The program would be for owners of land classified as forest land under P.A. 490 who want to see their land preserved permanently.

What criteria would the land have to meet?

If the land is classified as forest land under P.A. 490, that is good enough. In this regard, the program is quite different from DEEP’s traditional land conservation programs, which seek out the very best lands.

Would the landowner gain an income tax deduction for the value of the donated easement?

That would be ideal. In December 2015, the U.S. Congress made such tax incentives permanently available for donations of qualifying easements. The template would have to be drafted carefully to make sure it met IRS requirements.

Who would draft the easement template?

Presumably, the General Assembly would charge DEEP and/or the Office of the Attorney General with this task.

Could the template be customized to allow for, say, temporary mining activities?

Probably not, as the key to the whole concept is simplicity and low cost. A landowner who would like to see his or her land preserved with conditions different from those in the template could choose one of the many opportunities that already exist to donate or sell the land (but that usually takes more time and might result in additional expenses for the landowner, which 490 Forever is intended to avoid).

Why is the CEQ proposing a pilot program?

From reports it has read, the Council has concluded that there are owners of forest land in Connecticut who would donate a conservation easement to protect their land from development permanently if the process were simple, permanent and inexpensive. However, there is no way to tell how many such landowners would take advantage of a 490 Forever program. The Council thought it best to start with a pilot program to see what types of lands (if any) are preserved and what problems might arise. The Council is being cautious; it is not opposed to a permanent program instead of a pilot.

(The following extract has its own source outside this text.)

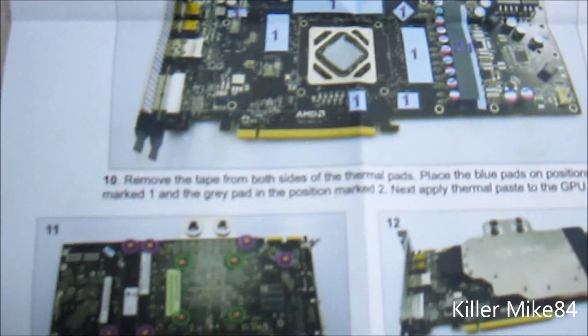It says here — reference cooler. Make sure you clean off all the MOSFETs, the VRMs, and all that. Pretty much it'll tell you what to do.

Who would enforce the easement?

If a landowner donates an easement and then proceeds to do something – build houses, for example – that is restricted by the easement, it would be the responsibility of DEEP, as the recipient of the easement, to take action as necessary. More than likely, the landowner’s activities would be noticed by municipal officials (such as assessors or other officials) who would notify DEEP. Some costs might arise for the state, but they are likely to be minimal; the state would not be responsible for managing the lands, but would be responsible for making sure the terms of the easement were not violated.

Would municipalities lose tax revenue?

Under the Council’s proposal, only land currently classified as forest land under P.A. 490 would be eligible, so there would be no reductions in current revenue. Towns might be concerned that they could receive less property tax revenue in the future if they are comparing revenue under P.A. 490 rates to the tax revenue that would be collected if the land were developed. However, because this is a voluntary program that only preservation-minded landowners would enter, it is unlikely that any town would be forgoing much revenue from development. The landowner still would be paying property tax, but at the lower P.A. 490 rate that usually is appropriate given the small burden such land puts on municipal services.

Could municipalities participate more directly?

One interesting idea would be to let municipalities elect to receive the easements instead of the state.

Who would help the landowner with this process?

Ideally, DEEP would be appropriated sufficient funds to have staff available to answer occasional questions. Even more ideally, there would be a small account available to cover any (hopefully small) costs incurred by the landowner.

*Disclaimer: These answers were prepared by staff of the Council on Environmental Quality to help explain the Council’s current draft recommendation for a new land conservation tactic. Because it still is a draft, there likely will be changes made to the recommendation. If the General Assembly elects to act on the recommendation, there probably would be many more changes. Again, the above answers are intended to reflect the Council’s current thinking, and should not be regarded as anything more binding.